In the late 1890s, the discovery of serum therapy brought a cure for diphtheria, a disease that spread rapidly among children and killed half of those who fell ill. To elaborate these drugs, antibodies produced by animals were used. As cases of diphtheria in the 19th century were numerous, large quantities of serum production became necessary, and scientists realized that they needed to use a robust animal for the job. And the question remained: which animal could be used for this purpose? That’s where the horse enters the story.

Mammals, which have an immune system very similar to each other, have a greater capacity to produce antibodies and end up being more resistant. There is also a simple matter of size: the more blood the animal has circulating in the body, the greater the amount of plasma (part of the blood in which the antibodies are located) and, therefore, the greater the production of serum.

Horses have the size and strength necessary to tolerate the entire process of obtaining plasma well. What’s more, they are calm and easy to control, and can be trained for the activity that scientists need.

How does whey production work?

The process begins when small doses containing the poison, virus or bacteria to be fought by the human body are applied to the horse; the horse produces the antibody against the disease or the toxins from the poison; the animal’s antibody-rich plasma is collected. This plasma undergoes chemical and physical procedures until it becomes a serum that can be used to treat people’s health.

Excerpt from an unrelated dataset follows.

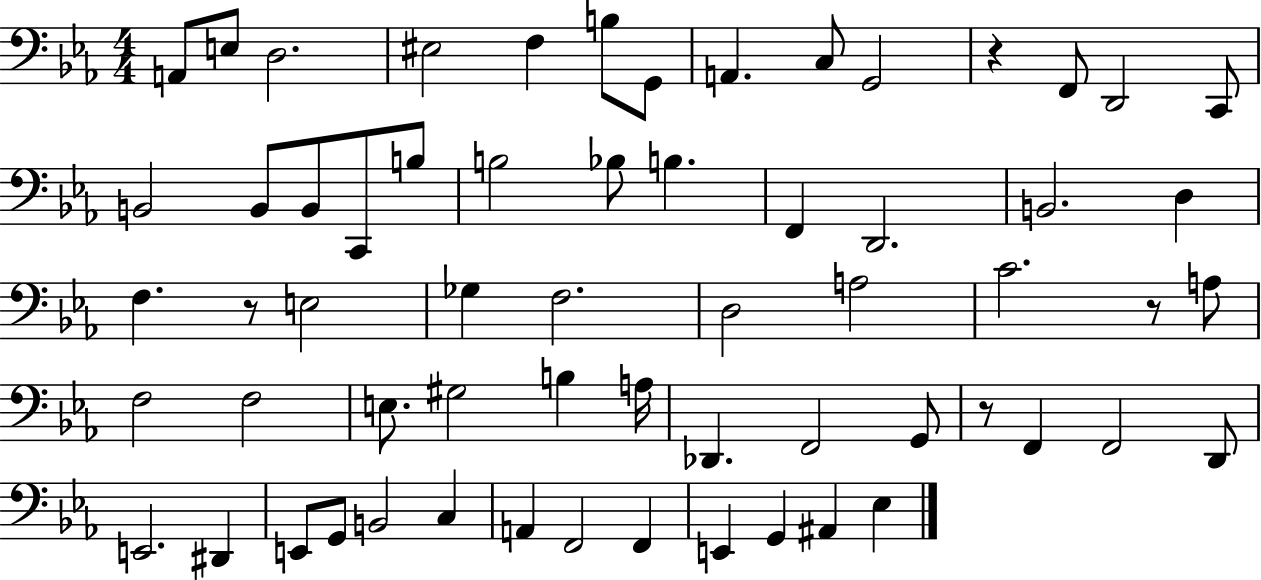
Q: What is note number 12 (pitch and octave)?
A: D2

Butantan produces 13 different types of serum, including anti-venom (against snake venom), anti-scorpion (scorpion), anti-arachnidic (spider and scorpion), antilonomic (caterpillar), antidiphtheria (diphtheria), anti-tetanus (tetanus), anti-botulinum (botulism) and rabies (rabies), in addition to combined versions. And since 1901 he has had the help of horses for that. They stay at the São Joaquim Farm, owned by Butantan in the interior of São Paulo, and work as if they were donating blood, only a quantity of plasma being removed that does not harm the animal. After all the process, they spend 40 days just resting and eating.

In 2018, the collection of plasma from horses was automated, improving the quality of the raw material. Currently, it is done through plasmapheresis, a process in which veterinarians use equipment that collects blood, separates the plasma containing the antibodies and returns the red blood cells, platelets and other elements to the animal, all done in a continuous cycle. , so that the horse is not weakened by the removal of the plasma.

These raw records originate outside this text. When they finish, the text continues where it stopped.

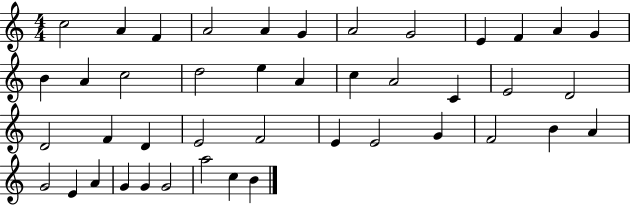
{
  \clef treble
  \numericTimeSignature
  \time 4/4
  \key c \major
  c''2 a'4 f'4 | a'2 a'4 g'4 | a'2 g'2 | e'4 f'4 a'4 g'4 | \break b'4 a'4 c''2 | d''2 e''4 a'4 | c''4 a'2 c'4 | e'2 d'2 | \break d'2 f'4 d'4 | e'2 f'2 | e'4 e'2 g'4 | f'2 b'4 a'4 | \break g'2 e'4 a'4 | g'4 g'4 g'2 | a''2 c''4 b'4 | \bar "|."
}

How is plasma collection for serum production

Horses work in groups and each group works to produce a specific serum. If, for example, a collection was made for anti-rabies serum, these animals will always be used for this purpose.

Generally, Butantan horses are not of a specific breed. Horses go through an approval process (criteria such as minimum height, proportional weight, blood tests and veterinary care are also important at this time) and it is up to Butantan to select these future plasma donors.

Horses start donating plasma from the age of five and retire at about 20 years of age. And they are very well cared for: they are always brushed, vaccinated, well fed and monitored so they don’t have worms or parasites.

*Thanks to the production manager for hyperimmune serums at Butantan and PhD in public health, Fan Hui Wen, and to the researcher at the Structural Biology laboratory, Carlos Jared, who shared their knowledge for this matter.